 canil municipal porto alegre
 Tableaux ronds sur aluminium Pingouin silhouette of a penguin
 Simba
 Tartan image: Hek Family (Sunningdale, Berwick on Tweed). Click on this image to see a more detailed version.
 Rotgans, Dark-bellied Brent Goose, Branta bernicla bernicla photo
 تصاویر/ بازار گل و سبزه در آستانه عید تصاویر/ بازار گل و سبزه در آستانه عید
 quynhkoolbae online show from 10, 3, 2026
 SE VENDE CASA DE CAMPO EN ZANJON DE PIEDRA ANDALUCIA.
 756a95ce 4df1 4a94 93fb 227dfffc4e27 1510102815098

* * *

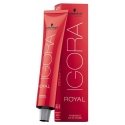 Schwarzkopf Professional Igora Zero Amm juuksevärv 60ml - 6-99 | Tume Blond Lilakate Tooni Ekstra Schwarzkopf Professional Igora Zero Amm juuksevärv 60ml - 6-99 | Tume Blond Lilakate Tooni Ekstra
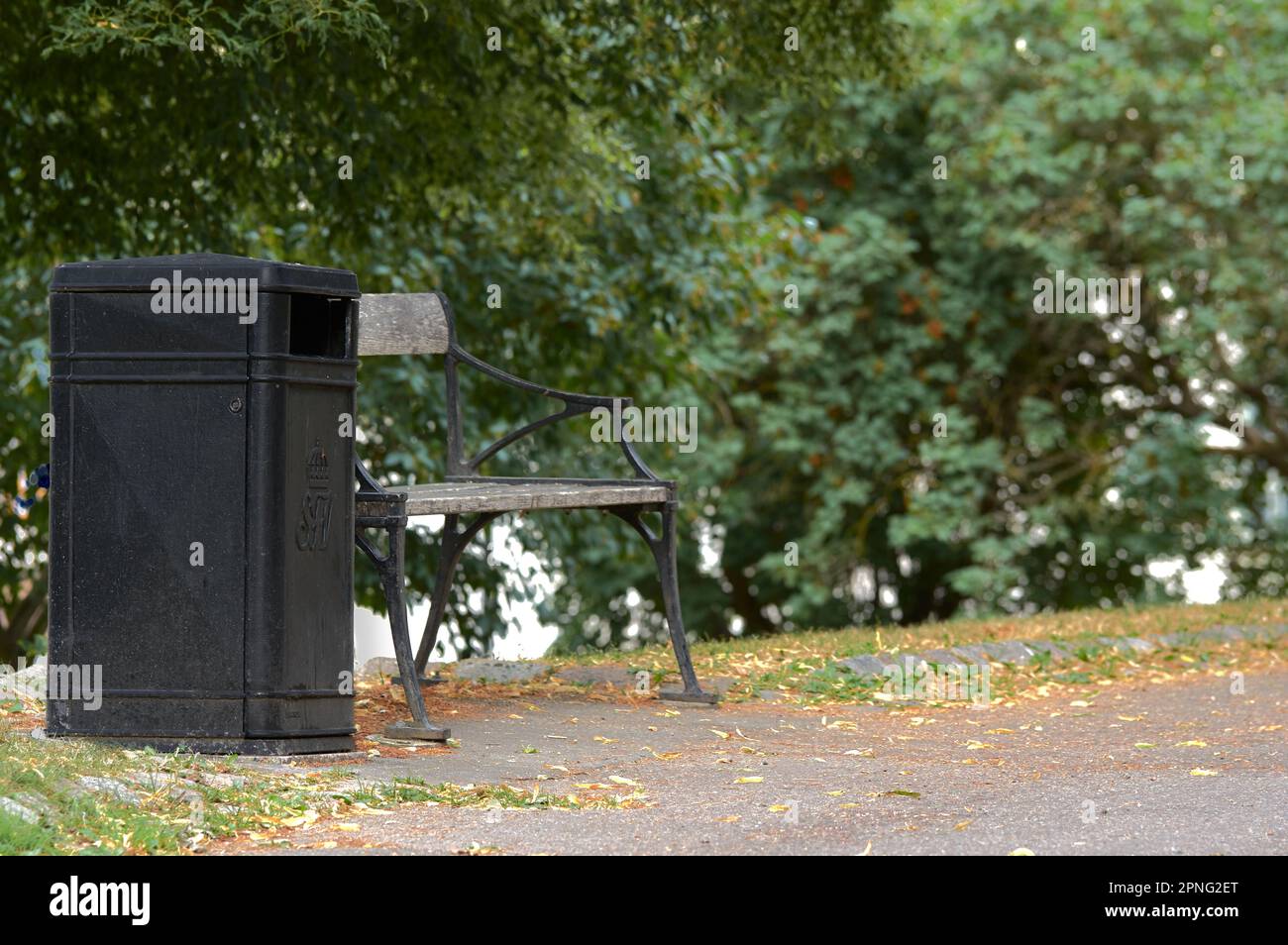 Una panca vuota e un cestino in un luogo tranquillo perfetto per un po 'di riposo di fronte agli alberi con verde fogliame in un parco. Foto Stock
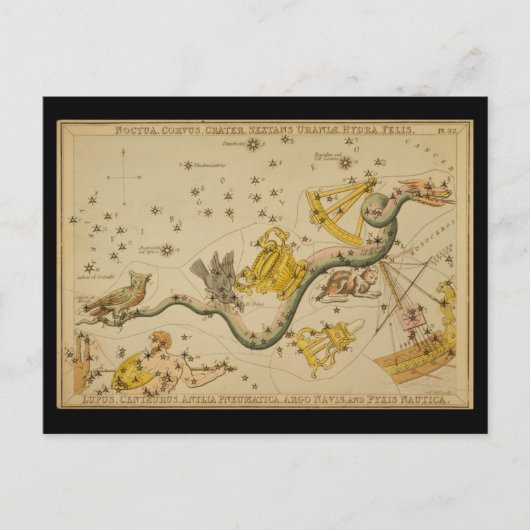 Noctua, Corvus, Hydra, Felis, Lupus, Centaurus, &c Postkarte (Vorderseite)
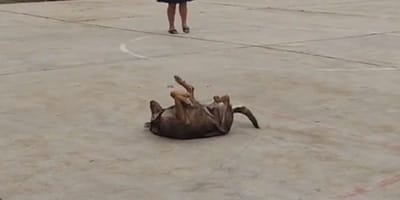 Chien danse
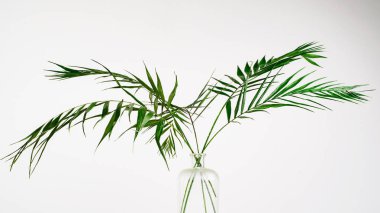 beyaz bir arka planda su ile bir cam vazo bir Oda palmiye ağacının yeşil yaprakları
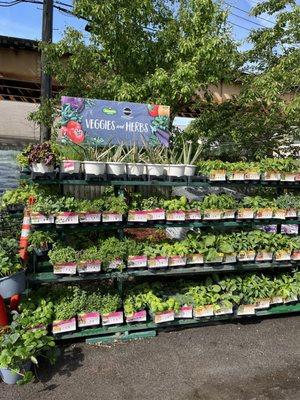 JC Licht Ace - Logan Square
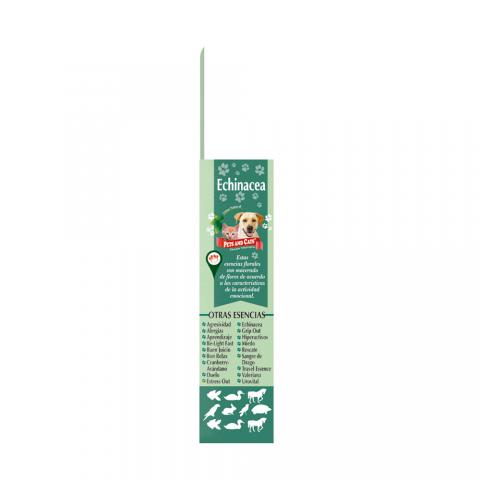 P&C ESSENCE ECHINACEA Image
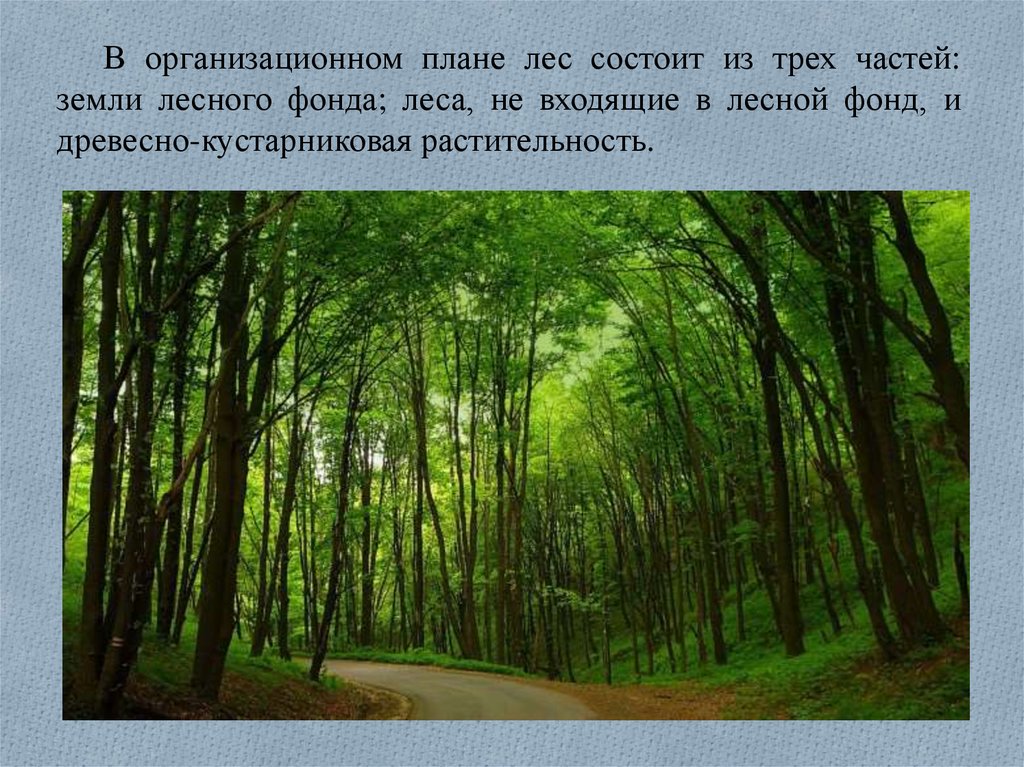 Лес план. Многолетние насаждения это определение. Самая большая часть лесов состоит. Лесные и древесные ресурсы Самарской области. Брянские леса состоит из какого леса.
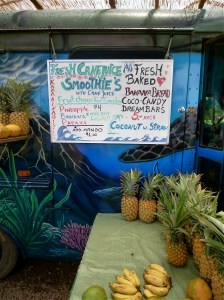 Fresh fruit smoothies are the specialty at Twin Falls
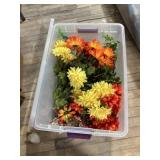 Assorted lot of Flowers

...

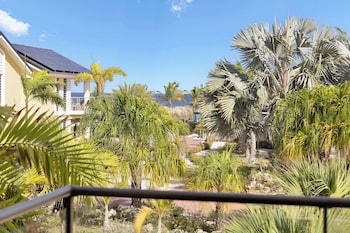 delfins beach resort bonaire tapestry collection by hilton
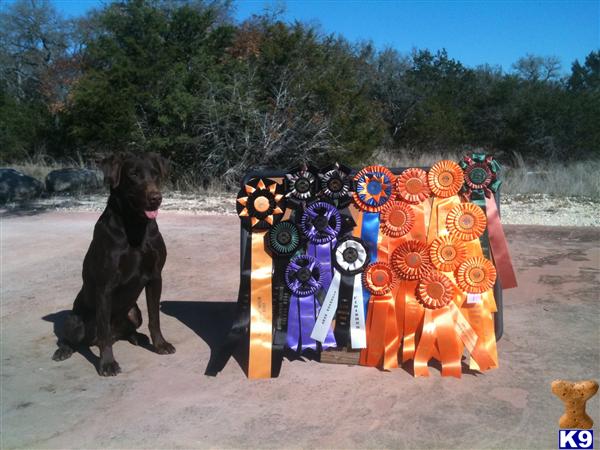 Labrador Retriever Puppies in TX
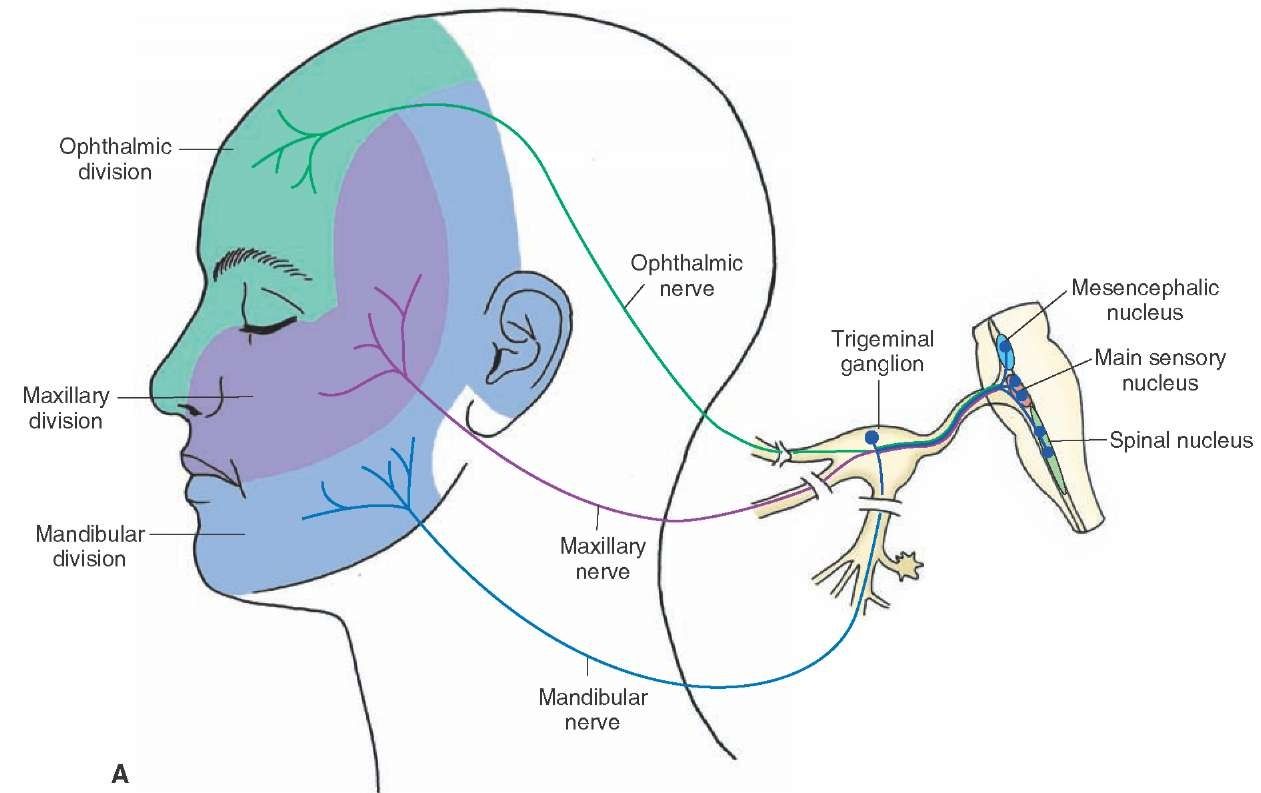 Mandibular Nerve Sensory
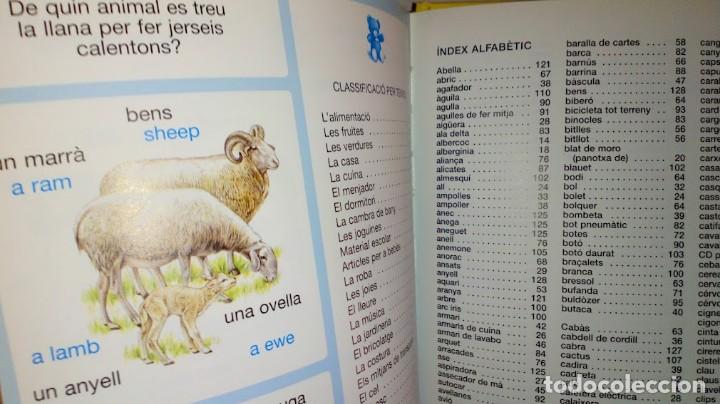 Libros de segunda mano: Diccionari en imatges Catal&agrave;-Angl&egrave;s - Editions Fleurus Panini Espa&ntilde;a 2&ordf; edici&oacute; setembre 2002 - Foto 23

* Instructions to follow: Would you print exactly, and only, the lines of the data above from the line with "canil municipal porto alegre" through the line with "756a95ce 4df1 4a94", inclusive?

* Solution to the problem:
 canil municipal porto alegre
 Tableaux ronds sur aluminium Pingouin silhouette of a penguin
 Simba
 Tartan image: Hek Family (Sunningdale, Berwick on Tweed). Click on this image to see a more detailed version.
 Rotgans, Dark-bellied Brent Goose, Branta bernicla bernicla photo
 تصاویر/ بازار گل و سبزه در آستانه عید تصاویر/ بازار گل و سبزه در آستانه عید
 quynhkoolbae online show from 10, 3, 2026
 SE VENDE CASA DE CAMPO EN ZANJON DE PIEDRA ANDALUCIA.
 756a95ce 4df1 4a94 93fb 227dfffc4e27 1510102815098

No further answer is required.